I've developed a little benchmark. The result of the loop inside this benchmark should be transformed to zero and the next round of my calculation should depend on the zero-"result" of the loop before to measure the latency of the code and not its througput. MOVing the result to another register and XORing itself doesn't work because today's CPUs recognize that an XOR with itself isn't dependent on the instructions before.
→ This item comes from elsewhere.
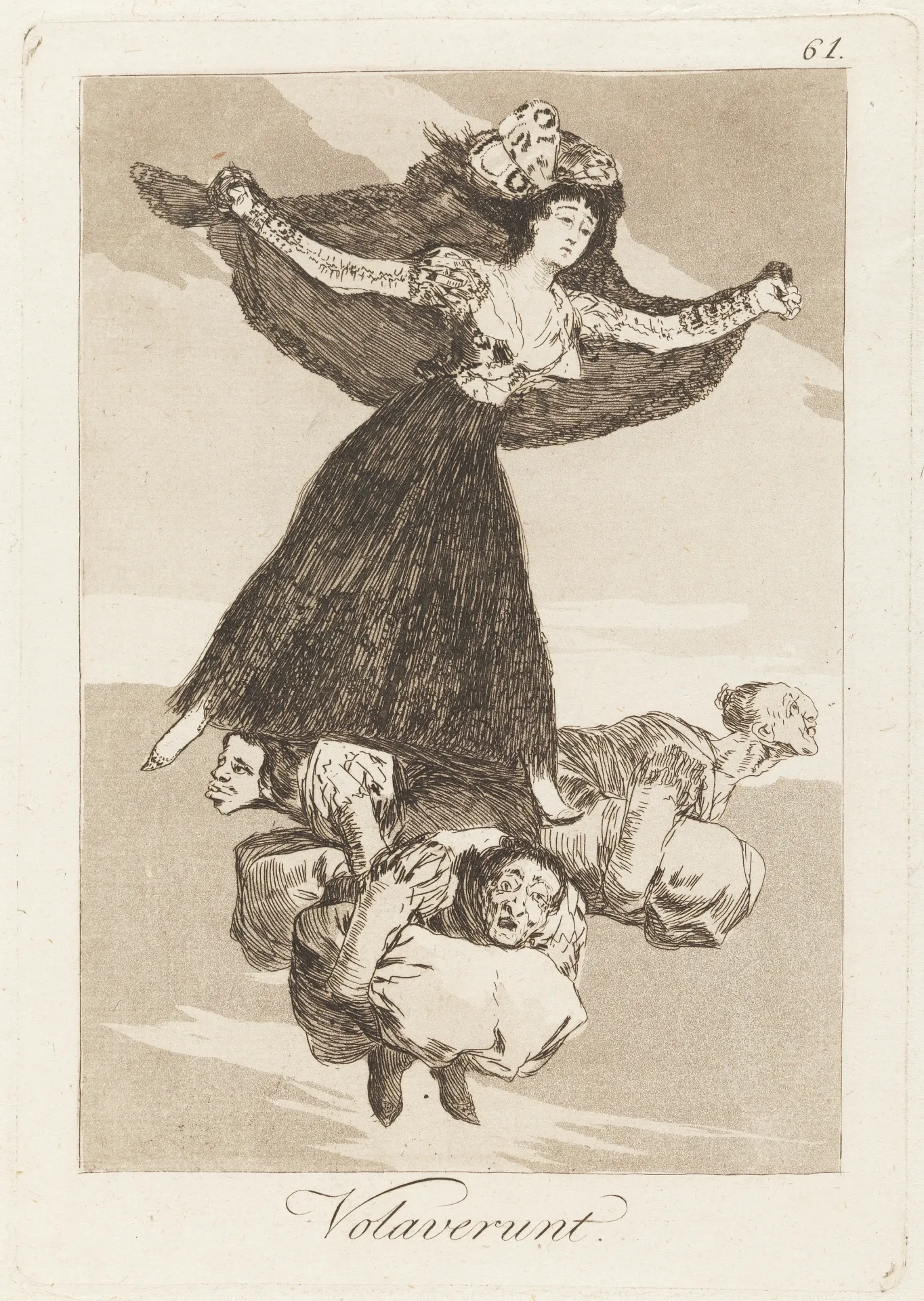 An etching depicting a woman with arms outstretched, a cloak behind her and butterfly wings on her 
        head. Beneath her three older women (witches) support her in flight.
So I tried to subtract the register from itself hoping that the CPU (Ryzen Threadripper 3990X) hasn't such a shortcut like with XOR. I evaluated this with a separate program:
#include <iostream>
#include <chrono>
using namespace std;
using namespace chrono;
int main()
{
auto start = high_resolution_clock::now();
for( size_t i = 1'000'000'000; i--; )
__asm
{
sub eax, eax
sub eax, eax
sub eax, eax
sub eax, eax
sub eax, eax
sub eax, eax
sub eax, eax
sub eax, eax
sub eax, eax
sub eax, eax
}
double ns = (int64_t)duration_cast<nanoseconds>( high_resolution_clock::now() - start ).count() / 10'000'000'000.0;
cout << ns << endl;
}
"Unfortunately" the CPU also does a shortcut here and each instruction takes abut 0.06ns, ie. the CPU does about six sub eax, eax in each clock cycle (4,3GHz).
So is there a way to have an instruction that results in zero and that this instruction is dependent on the instruction before on a moderen CPU ?